Rather than digging for motives, Updike, how about you just analyze the above situation for what it is? What about it says anything to you other than “gross, insupportable incompetence,” or “lax and uncaring?”
Look, the people who are most immediately responsible are Mayor Nagin and Governor Blanco. And then, yes, President Bush. Why would any of them want people to die? It doesn’t make any sense.
Since I am the one who made the it’s not brain surgery comment over here let me answer.
The big picture is easy. You have X number of people to move / shelter. They need food, water, and a place to shit. You need to provide security for them. The hard part comes next. You have to take these simple items and turn it into a functional operational plan. This is the hard part. There are 6 jillion details that need attention.
The reason I made the not brain surgery comment is not becasue only 5.99 jillion of those very important details got skipped, but rather because the simple easy things that anyone who has 3 functional brain cells would have thought of, wern’t. It’s not a case of they did not have quite enough water at the Superdome becasue they got more people then they expected. They didn’t have any on hand.
If it was just details that got overlooked, I would not be posting, because I agree that it is highly complex dealing with the details. I am posting because it appears that the planning never got to the details stage, the mayor and gov just thought that everything would be OK.
Also FEMA is not looking too good based on the last couple of links in this thread.
Shameful. Every fucking bit of this, at all levels, is utterly shameful and downright criminal. That jackass Bush is painfully incompetent to run this country and thousands of people are dying because of it. FEMA and DHS are HIS to oversee and command. The top people at those agencies are HIS appointees. The Mayor and Governor should have done more, absolutely. But Bush COULD have done more and fucking DIDN’T! He posed for photo ops, went on morning talk shows with his nasty smirk and gave us all the same fucking, condescending lip service he’s given us for 5 fucking years.
I said for an example. Specific answer - depends - shooting to harm? yes. Shooting as an attempt to signal for help? not so much.
you gonna agree that turning AWAY help at that time leaving people to die is vile?
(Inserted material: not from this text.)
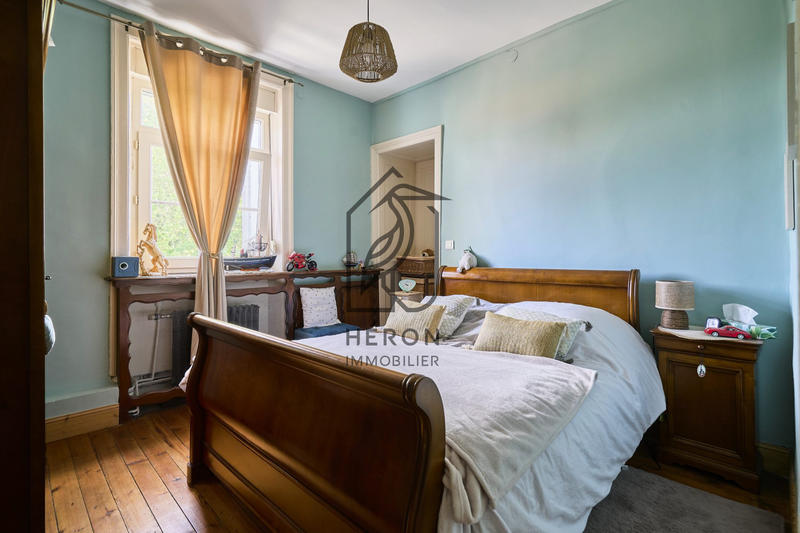 Château - 274 m² - 9 pièces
Yes, let’s agree that the government fucked up. But where does the buck stop? Who is the highest power in the land in dealing with these things? Who ultimately bears responsibility for the multiple federal fuck-ups?
The best republican red-herring (and this one is used over and over again) is what’ would <insert democrat> have done? “What would Gore have done on 9/11?” is an example. Now the best defense that we hear is “What would Kerry have done in the New Orleans situation?” The response might be better or worse, I would argue it would be better but that would be another post.
NEWSFLASH ASSHOLES! GEORGE BUSH IS PRESIDENT! THE BUCK STOPS WITH HIM. If everything goes well for the country, like the stock market goes up or the jobs report is good, Georgie points to his tax cuts and claims responsibility. When things go good, the millions of people really responsible are never cheered and dipshit takes responsibility. BUT WHAT ABOUT WHEN THINGS GO WRONG? Then it’s everyone else’s fault but his.
Don’t you guys get tired of defending this chickenshit chickenhawk? Don’t you find your red herrings a lame arguing point? It’s akin to “if a brick dropped from the sky and hit you on the head…” They are just hypos and not real facts that we intelligent people are supposed to argue from. I mean, your man is president. He bears the ultimate responsibility whether things go right or not. So do something our president won’t and MAN THE FUCK UP.